BOSTON -- Jarrod Saltalamacchia was 5-for-8 lifetime against Doug Fister when he was called upon to lay down a sacrifice bunt on Monday in the seventh inning of a 2-0 game. When Red Sox manager John Farrell was asked about it afterward, however, he was more worried about the matchup with the Tigers' defense than Saltalamacchia's matchup with Fister.
The Red Sox put eight people on base over Fister's seven innings, and three were erased on double plays. Jose Iglesias played a role in all three, including the whirling tag and throw that erased a leadoff runner in the sixth. That's the difference Iglesias makes in the Tigers' defense.
"He's improved their infield defense with his range," Farrell told Boston reporters before Monday's game. "I don't know if any of us even in this organization have ever seen a better defender at the position. I think that's a pretty strong statement for a guy who's in the early stages of what should be a long career."

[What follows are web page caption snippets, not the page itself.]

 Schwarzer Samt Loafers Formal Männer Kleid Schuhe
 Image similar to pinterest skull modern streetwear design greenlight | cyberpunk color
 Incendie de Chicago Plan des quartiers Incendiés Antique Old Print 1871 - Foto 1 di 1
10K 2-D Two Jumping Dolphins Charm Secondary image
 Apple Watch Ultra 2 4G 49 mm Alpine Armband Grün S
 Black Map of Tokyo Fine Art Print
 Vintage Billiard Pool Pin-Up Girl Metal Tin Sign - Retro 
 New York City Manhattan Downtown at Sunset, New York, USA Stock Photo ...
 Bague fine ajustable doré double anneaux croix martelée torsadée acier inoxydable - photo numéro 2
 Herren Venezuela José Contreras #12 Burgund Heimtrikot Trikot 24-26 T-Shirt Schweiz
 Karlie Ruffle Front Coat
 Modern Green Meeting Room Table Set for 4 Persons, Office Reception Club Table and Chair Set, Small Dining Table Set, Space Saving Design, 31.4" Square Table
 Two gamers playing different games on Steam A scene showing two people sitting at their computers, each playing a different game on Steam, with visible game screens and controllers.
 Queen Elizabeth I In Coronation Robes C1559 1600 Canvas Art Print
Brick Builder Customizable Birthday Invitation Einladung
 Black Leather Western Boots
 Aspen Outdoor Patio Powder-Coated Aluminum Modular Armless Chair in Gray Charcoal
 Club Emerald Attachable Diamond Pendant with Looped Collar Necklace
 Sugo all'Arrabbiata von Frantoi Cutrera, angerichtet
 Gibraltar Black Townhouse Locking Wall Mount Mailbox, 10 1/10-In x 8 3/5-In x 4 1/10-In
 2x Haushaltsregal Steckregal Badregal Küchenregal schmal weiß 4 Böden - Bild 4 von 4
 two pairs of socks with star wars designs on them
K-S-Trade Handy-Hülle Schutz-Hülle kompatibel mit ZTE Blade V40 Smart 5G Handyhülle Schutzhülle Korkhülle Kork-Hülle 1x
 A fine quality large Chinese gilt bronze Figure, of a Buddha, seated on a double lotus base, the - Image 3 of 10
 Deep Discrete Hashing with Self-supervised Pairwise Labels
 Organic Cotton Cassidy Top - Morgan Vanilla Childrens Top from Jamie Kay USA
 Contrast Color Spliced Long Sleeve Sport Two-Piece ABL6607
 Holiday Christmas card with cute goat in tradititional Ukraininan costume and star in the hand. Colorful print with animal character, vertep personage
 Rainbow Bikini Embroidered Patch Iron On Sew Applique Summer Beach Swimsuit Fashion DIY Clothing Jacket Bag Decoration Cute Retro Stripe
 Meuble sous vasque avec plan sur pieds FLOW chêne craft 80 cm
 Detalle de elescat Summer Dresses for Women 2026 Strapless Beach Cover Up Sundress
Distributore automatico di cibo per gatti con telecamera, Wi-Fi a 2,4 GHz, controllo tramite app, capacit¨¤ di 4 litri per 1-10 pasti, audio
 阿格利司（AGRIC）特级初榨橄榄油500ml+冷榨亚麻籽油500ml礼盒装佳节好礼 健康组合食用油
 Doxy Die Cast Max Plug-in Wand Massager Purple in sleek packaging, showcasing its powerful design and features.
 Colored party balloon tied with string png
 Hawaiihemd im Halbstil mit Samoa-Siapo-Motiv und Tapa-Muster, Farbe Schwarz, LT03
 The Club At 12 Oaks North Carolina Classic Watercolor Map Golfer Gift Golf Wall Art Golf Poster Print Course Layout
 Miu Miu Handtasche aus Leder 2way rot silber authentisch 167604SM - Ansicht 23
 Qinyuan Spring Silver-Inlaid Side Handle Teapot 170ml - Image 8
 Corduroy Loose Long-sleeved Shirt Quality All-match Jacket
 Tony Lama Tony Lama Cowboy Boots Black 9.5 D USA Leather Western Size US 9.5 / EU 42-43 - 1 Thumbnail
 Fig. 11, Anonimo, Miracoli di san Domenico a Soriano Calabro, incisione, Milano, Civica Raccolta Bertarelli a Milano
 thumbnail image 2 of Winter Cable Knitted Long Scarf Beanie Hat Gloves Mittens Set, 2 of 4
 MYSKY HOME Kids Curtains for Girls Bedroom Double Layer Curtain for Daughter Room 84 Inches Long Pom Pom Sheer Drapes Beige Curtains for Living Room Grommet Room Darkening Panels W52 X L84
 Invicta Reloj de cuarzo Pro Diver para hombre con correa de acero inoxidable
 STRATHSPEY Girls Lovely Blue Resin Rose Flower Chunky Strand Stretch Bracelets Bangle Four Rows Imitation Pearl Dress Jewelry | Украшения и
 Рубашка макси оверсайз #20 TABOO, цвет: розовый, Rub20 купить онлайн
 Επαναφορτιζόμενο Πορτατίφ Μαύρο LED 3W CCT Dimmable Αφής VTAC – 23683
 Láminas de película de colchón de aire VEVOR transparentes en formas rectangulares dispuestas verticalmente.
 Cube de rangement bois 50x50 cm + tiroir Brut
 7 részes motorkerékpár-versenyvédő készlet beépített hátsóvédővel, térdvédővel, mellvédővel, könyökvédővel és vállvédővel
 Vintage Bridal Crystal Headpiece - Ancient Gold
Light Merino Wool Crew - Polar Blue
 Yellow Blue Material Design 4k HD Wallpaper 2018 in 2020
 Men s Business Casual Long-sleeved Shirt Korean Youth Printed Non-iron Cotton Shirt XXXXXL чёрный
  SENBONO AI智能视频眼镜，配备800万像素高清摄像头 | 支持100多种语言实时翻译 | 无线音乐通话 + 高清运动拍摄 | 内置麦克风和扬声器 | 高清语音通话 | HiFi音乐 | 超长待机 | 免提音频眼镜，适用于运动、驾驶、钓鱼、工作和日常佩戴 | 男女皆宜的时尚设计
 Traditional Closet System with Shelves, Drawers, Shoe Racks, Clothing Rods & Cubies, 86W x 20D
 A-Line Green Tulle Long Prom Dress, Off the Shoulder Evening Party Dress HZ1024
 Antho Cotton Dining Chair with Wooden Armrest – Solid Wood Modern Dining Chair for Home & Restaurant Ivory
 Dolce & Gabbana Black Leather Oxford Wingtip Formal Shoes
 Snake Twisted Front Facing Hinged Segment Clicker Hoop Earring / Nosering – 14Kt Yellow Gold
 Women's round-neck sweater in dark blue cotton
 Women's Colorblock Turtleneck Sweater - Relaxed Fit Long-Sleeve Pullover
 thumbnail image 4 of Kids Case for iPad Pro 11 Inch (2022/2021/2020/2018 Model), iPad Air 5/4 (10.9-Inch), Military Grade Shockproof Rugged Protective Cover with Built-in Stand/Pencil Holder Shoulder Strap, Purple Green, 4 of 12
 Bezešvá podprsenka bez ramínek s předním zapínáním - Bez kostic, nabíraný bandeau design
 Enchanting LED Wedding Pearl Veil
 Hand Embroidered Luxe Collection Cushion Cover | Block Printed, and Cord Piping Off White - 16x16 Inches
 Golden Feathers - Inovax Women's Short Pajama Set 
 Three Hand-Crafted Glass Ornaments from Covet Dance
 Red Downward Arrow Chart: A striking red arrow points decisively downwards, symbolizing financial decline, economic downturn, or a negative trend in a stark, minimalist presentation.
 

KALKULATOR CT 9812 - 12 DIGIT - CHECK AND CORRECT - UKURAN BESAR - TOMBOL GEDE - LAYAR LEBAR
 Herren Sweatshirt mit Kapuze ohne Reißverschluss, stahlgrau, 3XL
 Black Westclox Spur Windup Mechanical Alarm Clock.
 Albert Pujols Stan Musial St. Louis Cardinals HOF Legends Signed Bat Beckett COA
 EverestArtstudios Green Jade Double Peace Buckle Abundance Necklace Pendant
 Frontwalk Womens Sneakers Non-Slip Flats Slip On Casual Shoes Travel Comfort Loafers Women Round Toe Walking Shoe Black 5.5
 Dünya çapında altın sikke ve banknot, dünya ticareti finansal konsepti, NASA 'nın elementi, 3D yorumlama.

Defense can be a difficult facet of the game to gauge with statistics, in part because of small sample sizes. Some evaluators believe it takes three seasons of stats to get the same read on a player's defense as one season will do for offense. In the short amount of time Iglesias has manned shortstop as a member of the Tigers, however, the direct numbers on double plays are promising.
According to STATS, Jhonny Peralta was the pivot man on 50 double-play attempts and turned 29 of them, for a 58 percent conversion rate. Iglesias has turned the pivot 10 times and gotten the second out on seven of them. It's a really small sample, and it doesn't include such factors as the hitter's speed running to first, but still, it's encouraging.
From April 1 to Aug. 4, the day before Iglesias took over at shortstop, the Tigers ranked 26th in the Majors -- and 13th in the American League -- with 56 double plays turned over 109 games. Since Aug. 5 the Tigers lead the AL, with 22 double plays turned over 29 games. Only the Marlins had more among Major League teams in that span.